Nolo Segundo, pen name of L.J. Carber, 75, in his 8th decade became a published poet in over 70 online/in print literary journals/anthologies in the U.S., U.K., Canada, Romania, India, and in 2 trade book collections: The Enormity of Existence [2020] and Of Ether and Earth [2021]. Recently nominated for the Pushcart Prize 2022, he’s a retired teacher [America, Japan, Taiwan, Cambodia] who’s been married 42 years to a smart and beautiful Taiwanese woman.

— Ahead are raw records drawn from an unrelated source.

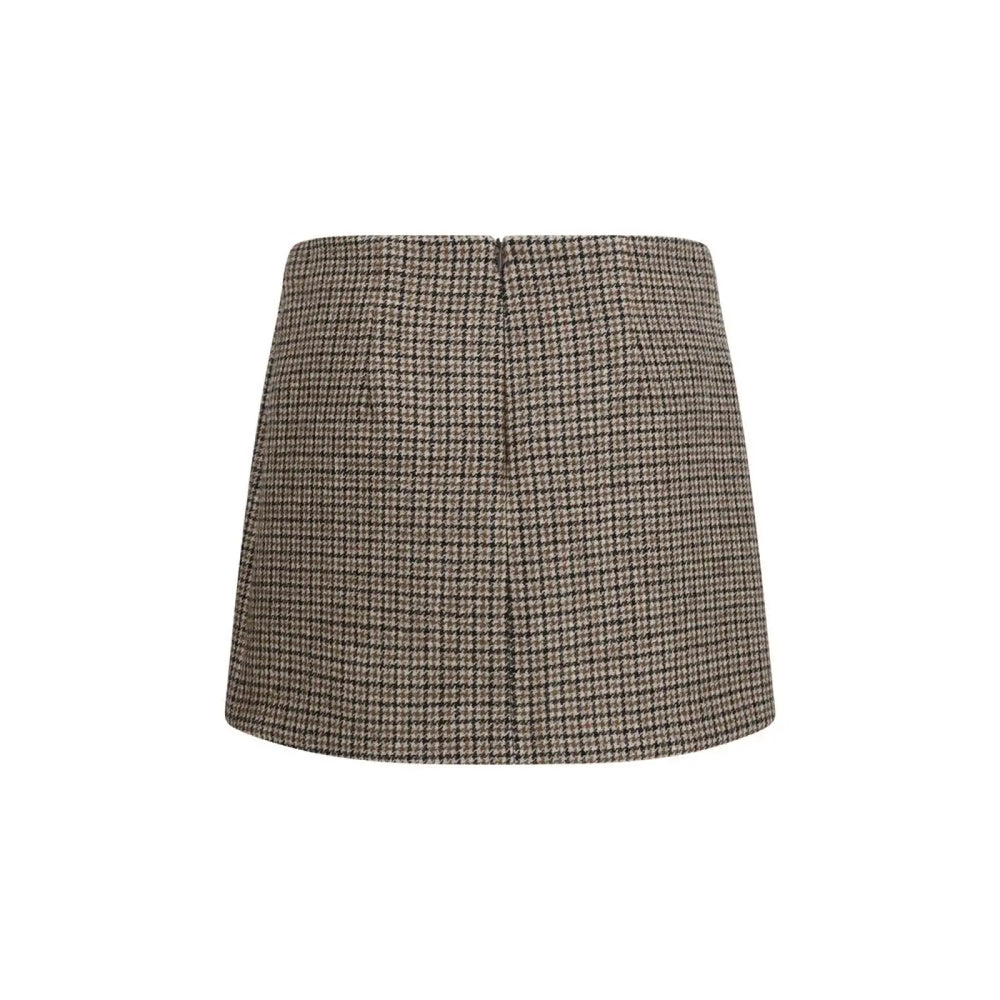 P.a.r.o.s.h. Brown Wool Oves Aries Mini Skirt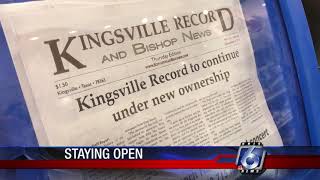Kingsville Record and Bishop News Publication will not be shutting down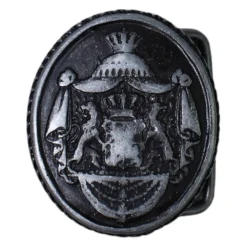 Dunkle Trachtengürtelschnalle mit Wappen und Löwen, Dornschnalle, 4 cm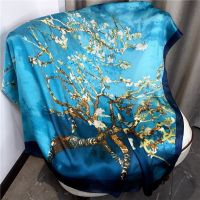 Hangzhou silk van gogh painting apricot blossom mulberry scarf shawl joker mother present ladies long thin fabric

On Finding A Dead Deer In My Backyard
I saw them a few weeks ago. My wife called me, something urgent-- so I left the computer and went to see what so excited her. Three deer, 3 young deer meandering around our ¼ acre backyard. They look thin, she said-- I agreed (not saying it was not a good sign with winter coming near). We enjoyed watching them through our plate glass door, their casual grace, that elegance of walk deer have when unafraid. They were special, even more than the occasional cardinal alighting in our yard like a breathing ruby with wings-- so we stayed as still as possible. I told her that deer can only see what moves, so we held ourselves tight like insensate statues. Two of these white-tailed beauties grazed daintily on the ground but the third was drawn to our giant holly tree, resplendent with its myriad red berries, like necklaces thrown capricious. I was concerned-- something alarming about even deer drawn like the proverbial moth-- safe, I wondered, for deer or tree? The triplets soon left our yard, as casually as they had come, and a week went by-- then one day a single deer came back. I say back because she went straight for the holly tree, and I banged on the plate glass door and yelled as fierce as an old man can yell to scare off the now unwanted intruder, for something told me the holly tree would be death to the deer. She fled, but the next day came back again, again alone, and again with eyes only for that tree, an Eve that could not say no to the forbidden fruit-- or berries or leaves it appears. Again I chased her away, and for a few days saw no return. Then one brisk morning our neighbor called-- he saw what we could not see in the deep green thickness of that holly tree. The doe lay sleeping under its canopy (so death always seems with animals, unlike a human corpse where something is gone), killed it seemed by berries or the leaves of the innocent tree. I called my township-- they said, put the carcass by the street, we’ll send someone to pick it up-- but I couldn’t, or wouldn’t. Not just because I walk with a cane, and am old and unsure how such a moving would be done-- no, no, it was more-- when I saw the deer lying sheltered beneath the tree it loved, the tree it died for, it seemed a sacred place, consecrated-- and I could not bring myself to violate nature’s holy ground. Fortunately I have a neighbor who is not sentimental, and he dragged the dead doe roughly to the curb, and I knew, by its pungent unearthly smell of death, it was the only answer.
A Morning’s Walk
My wife and I walk every morning, a mile or so-- it’s good for us old to walk in the cold, or in the misty rain, it makes less the pain that old age is wont to bring to bodies which once burned bright with youth, though now I wear braces on ankles, braces on knees, and I walk slowly with 2 canes, like an old skier, sans snow, sans mountain. We passed a tree whose leaves had left behind summer’s green and now fall slowly, carefully one by one in their autumnal splendor. My wife stopped me-- listen she said-- but I heard nothing—hush!, stand still, she said, and I tried hard to hear the mystery…. Finally I asked her, knowing my hearing less than my wife’s (too many rock concerts in my heedless youth), what we listen for? She looked up at my old head, and smiled-- only she could hear the sound each leaf made as it rippled the air in falling to the ground.
The Old Tracks
In my town and only 90 feet from my house Run a pair of old tracks, Railroad tracks older Than my house, even Older than me, and I Am become old, very, Very old, like a tree Whose branches Betray it with Every strong wind And fall to ground Leaving less and Less of the tree. I used to walk in Between those Carefully laid Iron rails, stepping On the worn wood Of the old ties as Though they were Made of glass…. I walked the length Of my small town, I walked the world. I walked where Passenger trains Carried lives and Their once warm, Now cold, dreams And I was part of Each life, now gone To ether and mist, And so too my Lonely soul will Ride those rails One bright day. Still, a freight train Comes by once or Even twice a week, And I thrill to hear Its wailing horn as it cries out for a forgotten glory, and the ground still shakes a bit as the old train lumbers slowly by my house and I wait a holy wait For the music of Its rumbling and The cry of its old Heart as a young Engineer pulls the Whistle and sees Not that he is Driving eternity.